───── PROVIDED MATERIAL ─────
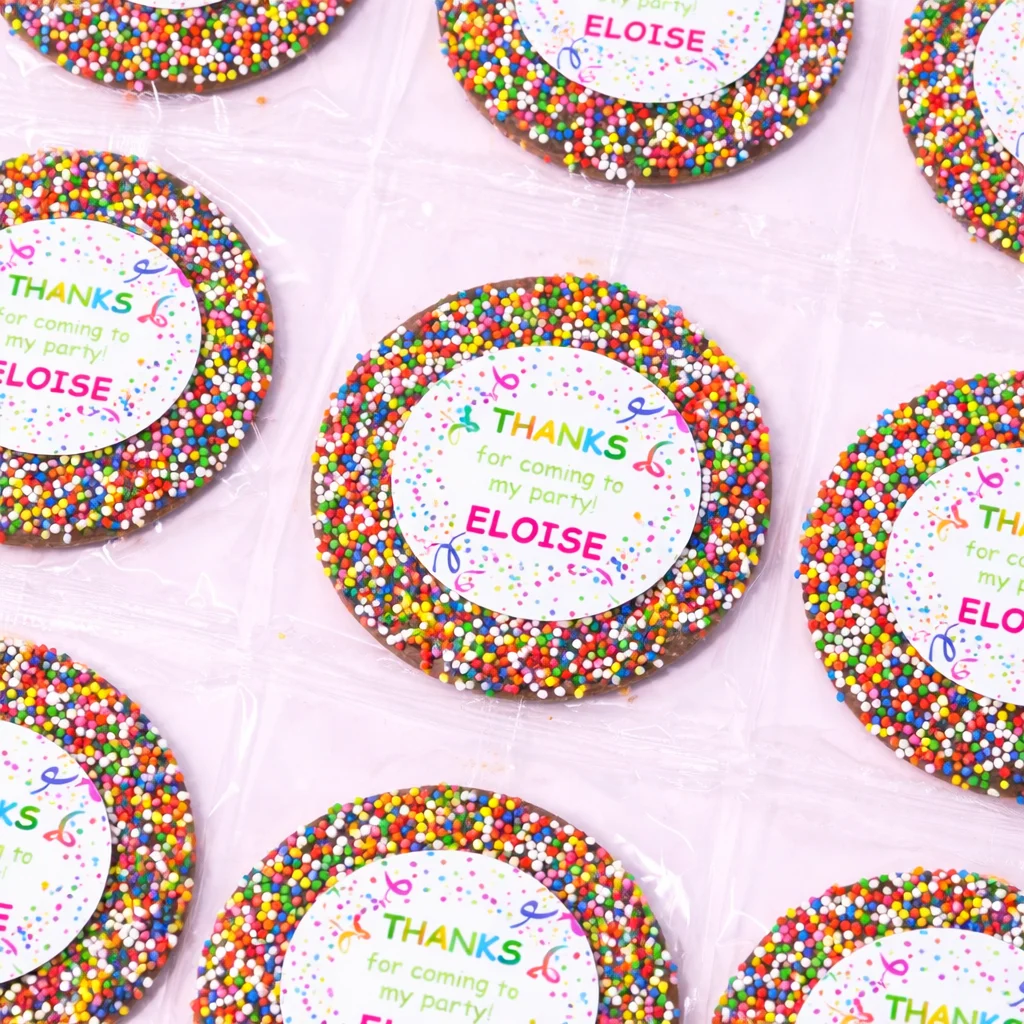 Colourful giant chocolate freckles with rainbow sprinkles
─────
───── PROVIDED MATERIAL ─────
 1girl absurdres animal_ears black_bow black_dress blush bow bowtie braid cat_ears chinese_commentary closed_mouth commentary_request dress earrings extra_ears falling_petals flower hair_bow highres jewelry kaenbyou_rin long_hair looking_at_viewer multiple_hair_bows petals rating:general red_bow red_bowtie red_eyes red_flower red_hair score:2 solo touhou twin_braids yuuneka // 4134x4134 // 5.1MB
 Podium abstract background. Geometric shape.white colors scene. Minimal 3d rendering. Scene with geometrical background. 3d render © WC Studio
─────
───── PROVIDED MATERIAL ─────
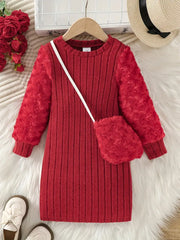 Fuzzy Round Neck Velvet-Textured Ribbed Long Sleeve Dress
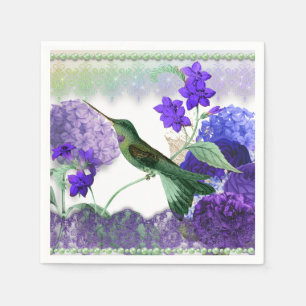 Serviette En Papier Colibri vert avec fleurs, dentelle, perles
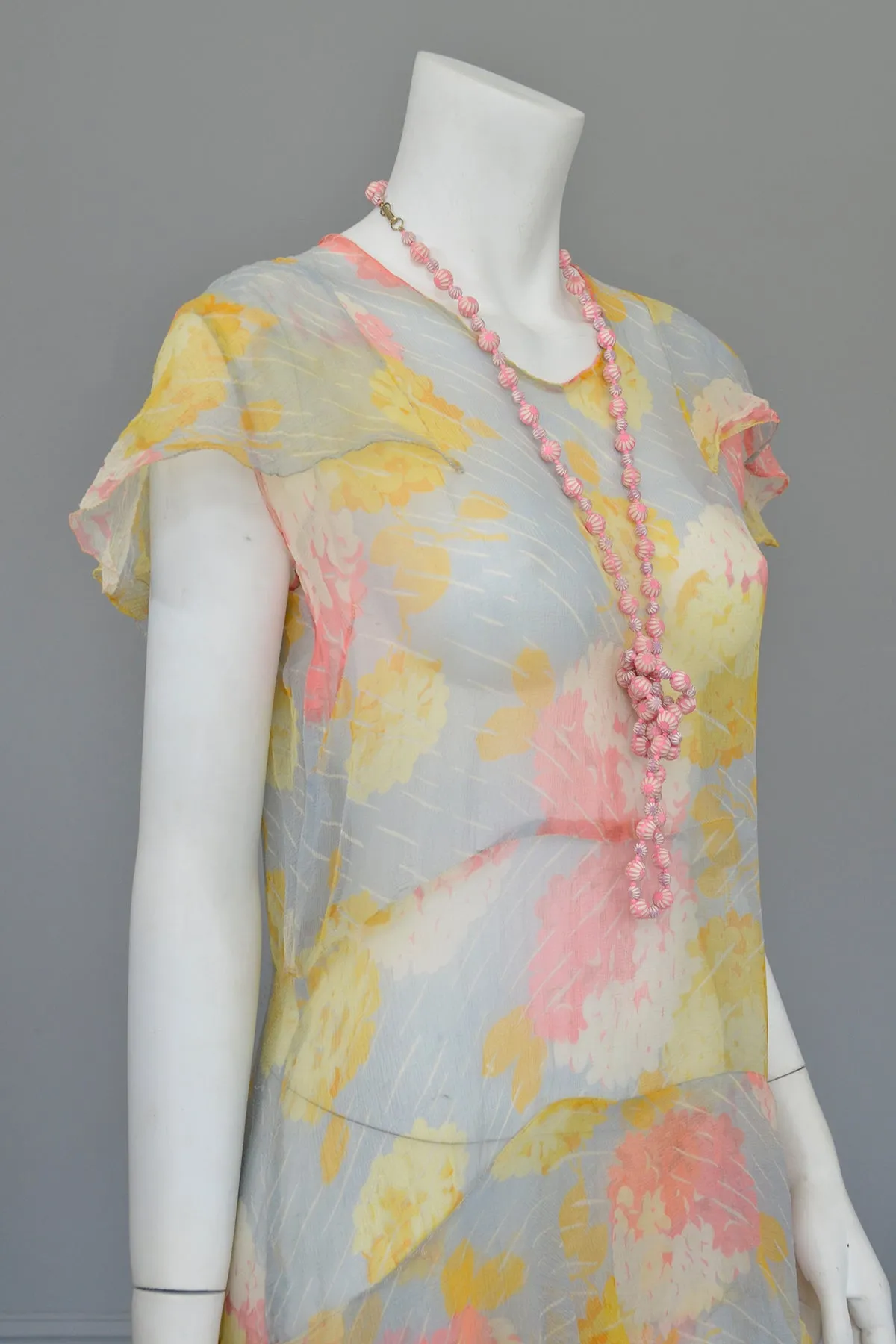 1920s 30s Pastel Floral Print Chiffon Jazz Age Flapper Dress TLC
─────
Please reproduce the lines from the line with "1girl absurdres animal_ears" to the line with "Podium abstract background.", both ends included, exactly as they appear above.

WRITTEN SOLUTION:
 1girl absurdres animal_ears black_bow black_dress blush bow bowtie braid cat_ears chinese_commentary closed_mouth commentary_request dress earrings extra_ears falling_petals flower hair_bow highres jewelry kaenbyou_rin long_hair looking_at_viewer multiple_hair_bows petals rating:general red_bow red_bowtie red_eyes red_flower red_hair score:2 solo touhou twin_braids yuuneka // 4134x4134 // 5.1MB
 Podium abstract background. Geometric shape.white colors scene. Minimal 3d rendering. Scene with geometrical background. 3d render © WC Studio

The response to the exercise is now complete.